------ Source records ------
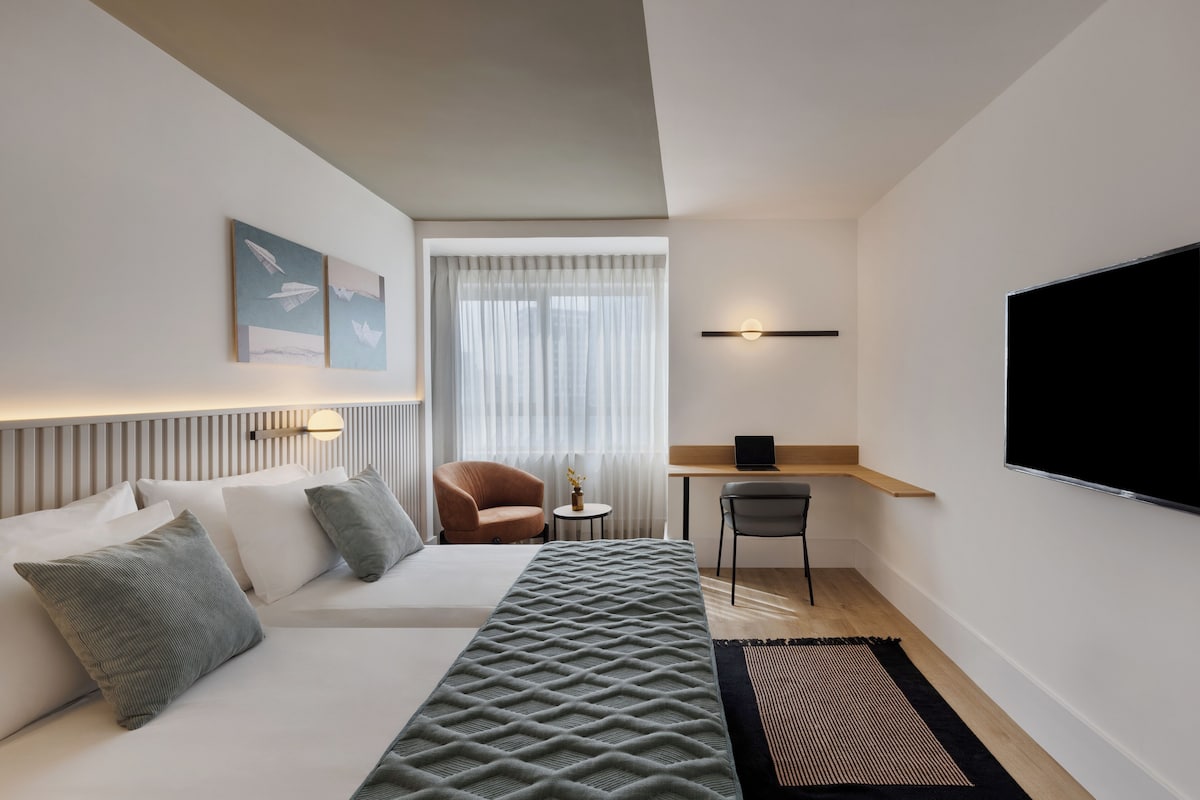 A modern hotel room with a bed, a desk, a chair, a TV, and artwork on the wall.
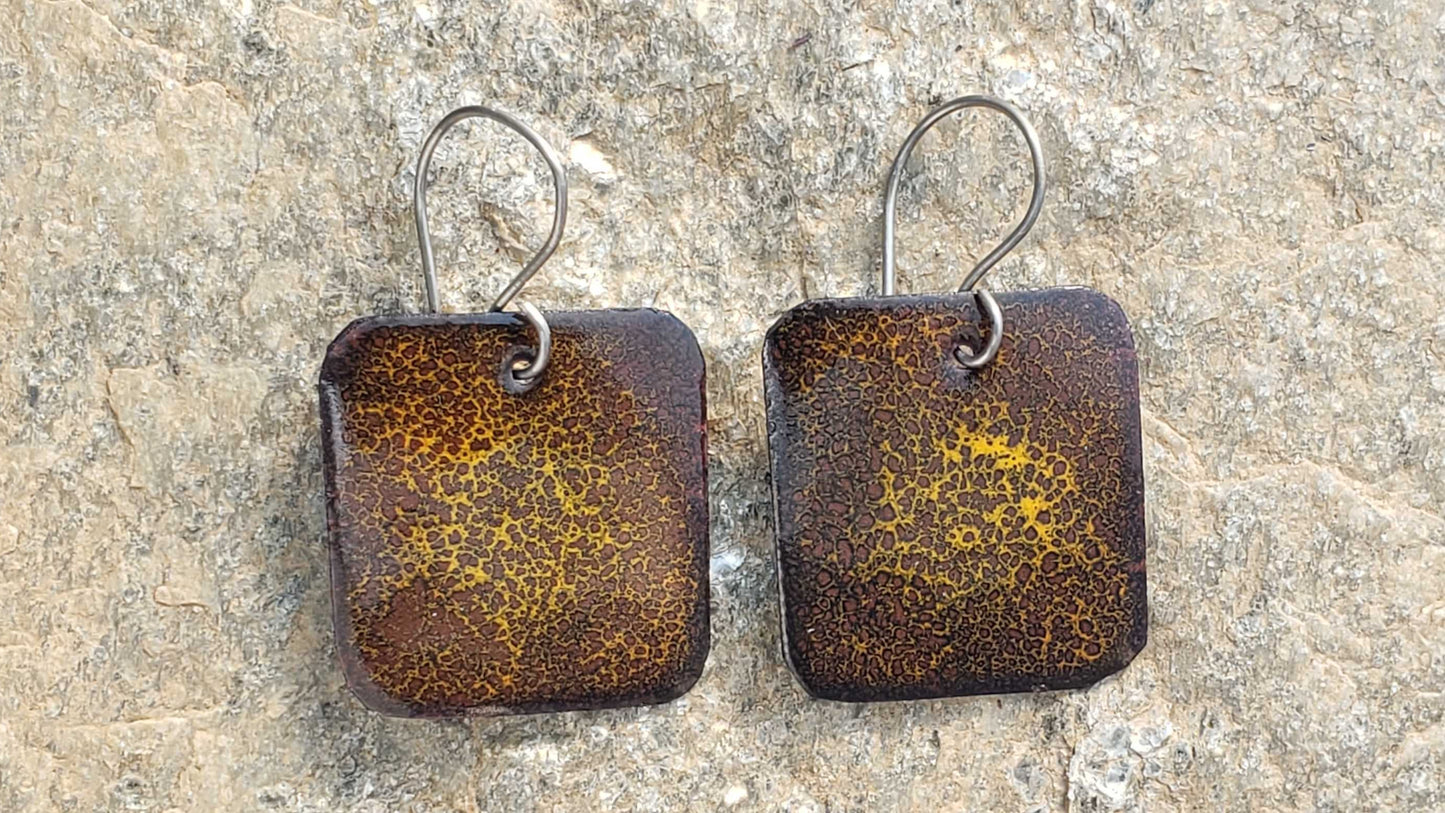 Pair of square copper enamel earrings with a brown rust-like finish on a stone surface
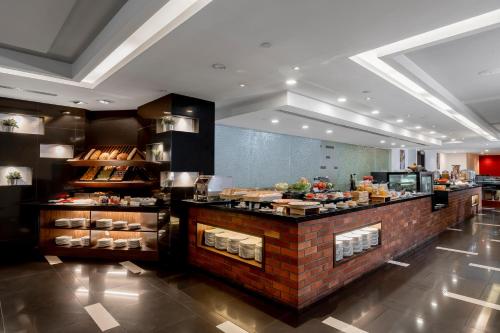 a restaurant with a counter with food on it at Meliá Kuala Lumpur in Kuala Lumpur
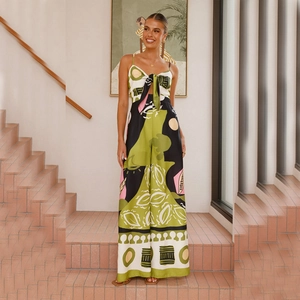 Detail of chest tie-up cutout and vibrant abstract print on a summer jumpsuit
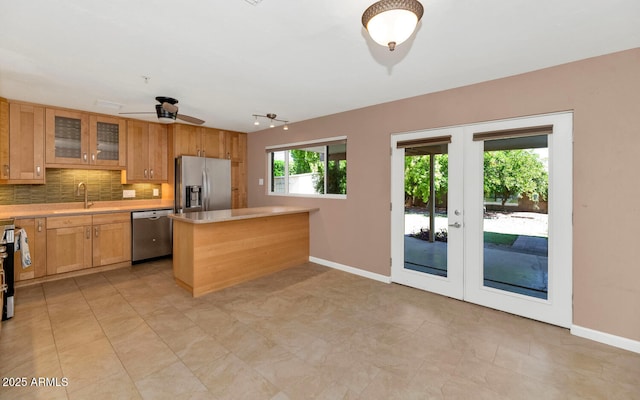 8140 E Mitchell Dr, Scottsdale, AZ 85251 - kitchen with stainless steel appliances, french doors, light countertops, backsplash, and glass insert cabinets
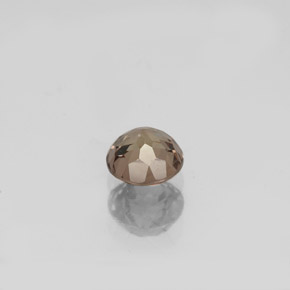0.75カラットの天然茶色がかったローズ〜レッドカラーチェンジガーネット（5.04 mm・ラウンドカット）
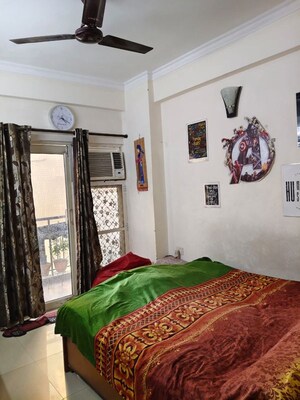 Bedroom in 2 BHK Apartment at Amrapali Royal, Vaibhav Khand – for Rent
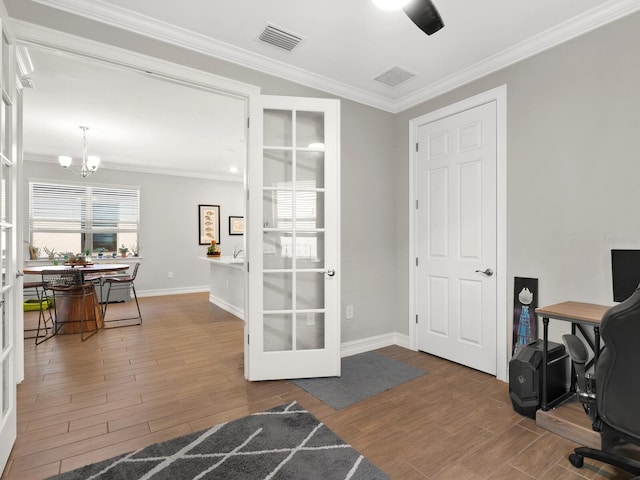 office area featuring crown molding, french doors, hardwood / wood-style floors, and an inviting chandelier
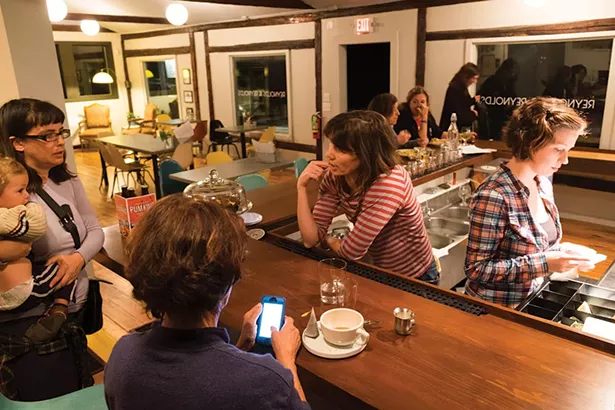Owner Megan Reynolds talks with customers across the bar.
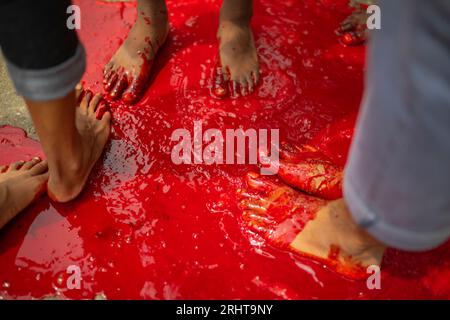 I musulmani immergono i piedi nel sangue dopo aver massacrato un animale per strada a Dacca per il più grande festival musulmano Eid-ul-Azha noto anche come Eid Foto Stock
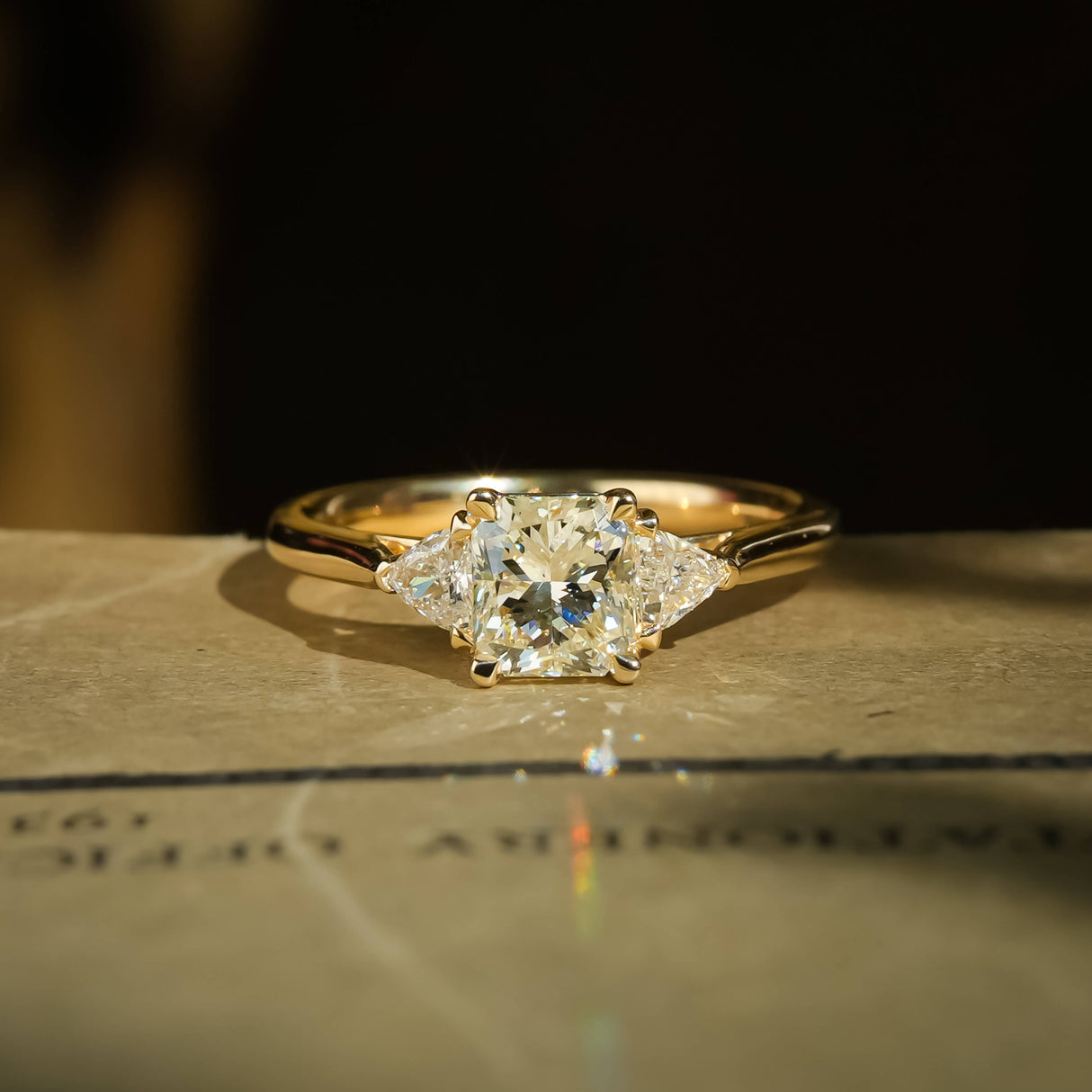 Round 1.07ct diamond with side diamonds three stone engagement ring in classic yellow gold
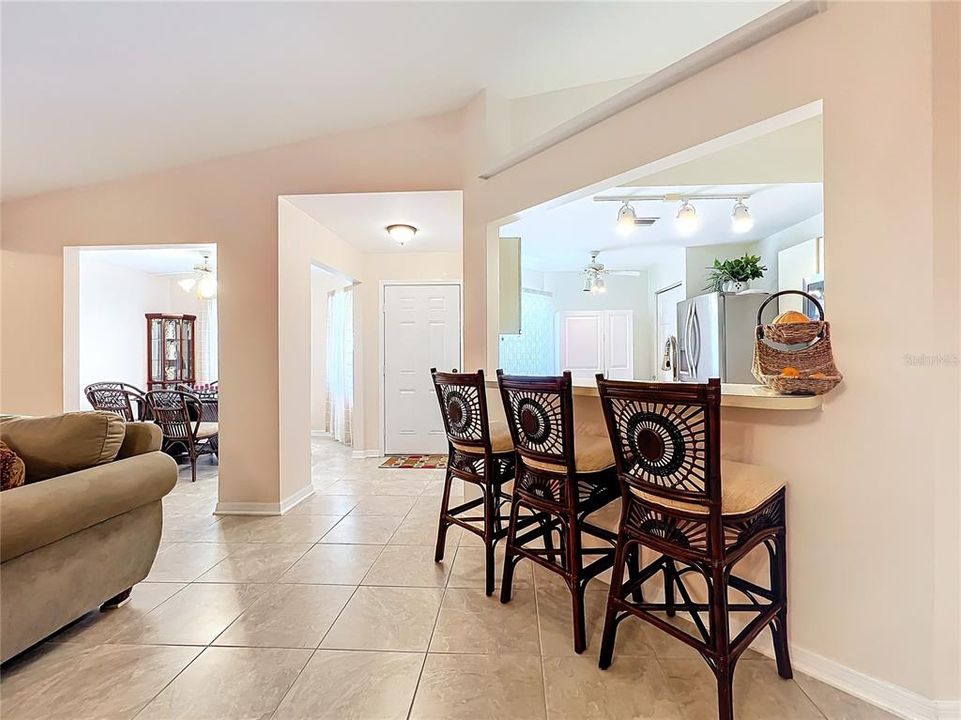 View of the breakfast bar and pass through from the kitchen and dining room/flex room by the front door.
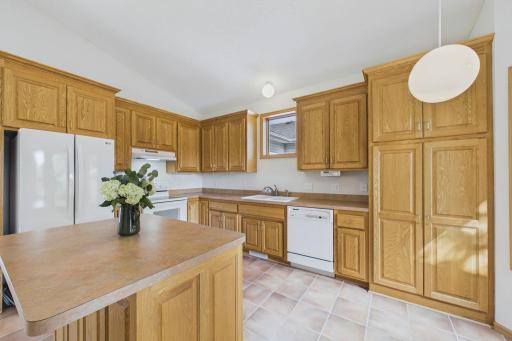 The kitchen’s center island adds prep space and storage, with windows bringing in plenty of natural light.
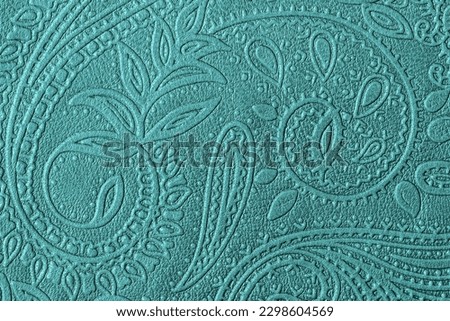 Texture of genuine leather with embossed floral trend pattern close-up, green mint color, for wallpaper or banner design. Fashionable modern background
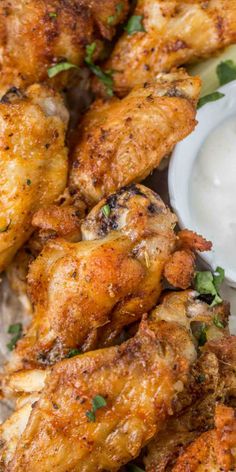 chicken wings with ranch sauce on the side and garnished with cilantro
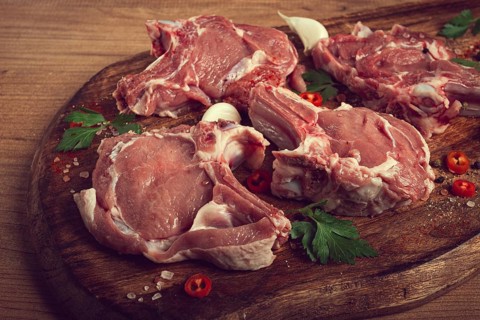 Raw calf meat, meat on the bone, meat for barbecue, cutting board, with spices and herbs, top view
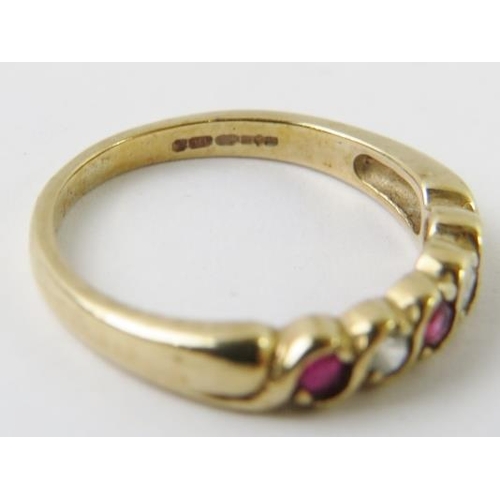 529 - A 9ct yellow gold ruby and diamond half hoop ring, approx 0.10cts diamonds, finger size L 1/2, 2.4gm... 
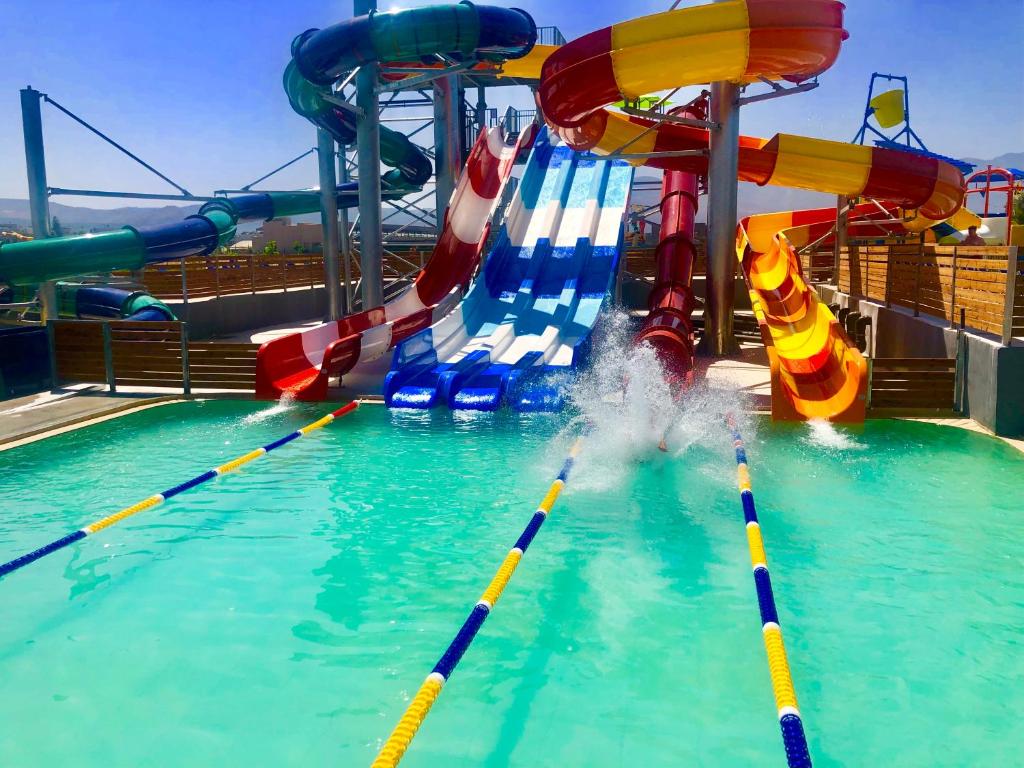 a pool on a cruise ship with a water slide at Selini Suites & Waterpark in Kolymvari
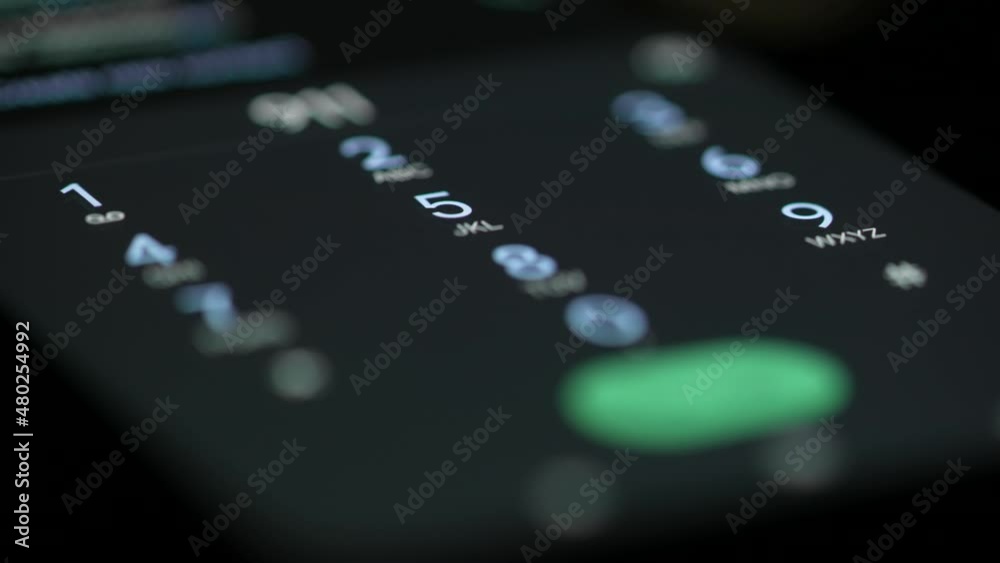 Female finger dials the phone number on the touchscreen of the smartphone. The woman touches the number icons and then presses the call button, an outgoing call. Close up.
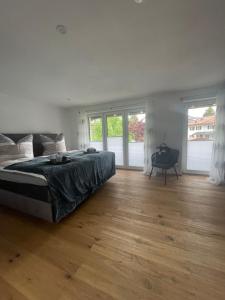 a bedroom with a bed and wooden floors and windows at Haus Gerberstraße - Ferienhäuser Alpenglück in Oberstdorf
------
Requirement
Each line from the first line of the data above through the one containing "529 - A 9ct" must be set down exactly; the pictures must not be.

Answer section
 A modern hotel room with a bed, a desk, a chair, a TV, and artwork on the wall.
 Pair of square copper enamel earrings with a brown rust-like finish on a stone surface
 a restaurant with a counter with food on it at Meliá Kuala Lumpur in Kuala Lumpur
 Detail of chest tie-up cutout and vibrant abstract print on a summer jumpsuit
 8140 E Mitchell Dr, Scottsdale, AZ 85251 - kitchen with stainless steel appliances, french doors, light countertops, backsplash, and glass insert cabinets
0.75カラットの天然茶色がかったローズ〜レッドカラーチェンジガーネット（5.04 mm・ラウンドカット）
 Bedroom in 2 BHK Apartment at Amrapali Royal, Vaibhav Khand – for Rent
 office area featuring crown molding, french doors, hardwood / wood-style floors, and an inviting chandelier
Owner Megan Reynolds talks with customers across the bar.
 I musulmani immergono i piedi nel sangue dopo aver massacrato un animale per strada a Dacca per il più grande festival musulmano Eid-ul-Azha noto anche come Eid Foto Stock
 Round 1.07ct diamond with side diamonds three stone engagement ring in classic yellow gold
 View of the breakfast bar and pass through from the kitchen and dining room/flex room by the front door.
 The kitchen’s center island adds prep space and storage, with windows bringing in plenty of natural light.
 Texture of genuine leather with embossed floral trend pattern close-up, green mint color, for wallpaper or banner design. Fashionable modern background
 chicken wings with ranch sauce on the side and garnished with cilantro
 Raw calf meat, meat on the bone, meat for barbecue, cutting board, with spices and herbs, top view
 529 - A 9ct yellow gold ruby and diamond half hoop ring, approx 0.10cts diamonds, finger size L 1/2, 2.4gm... 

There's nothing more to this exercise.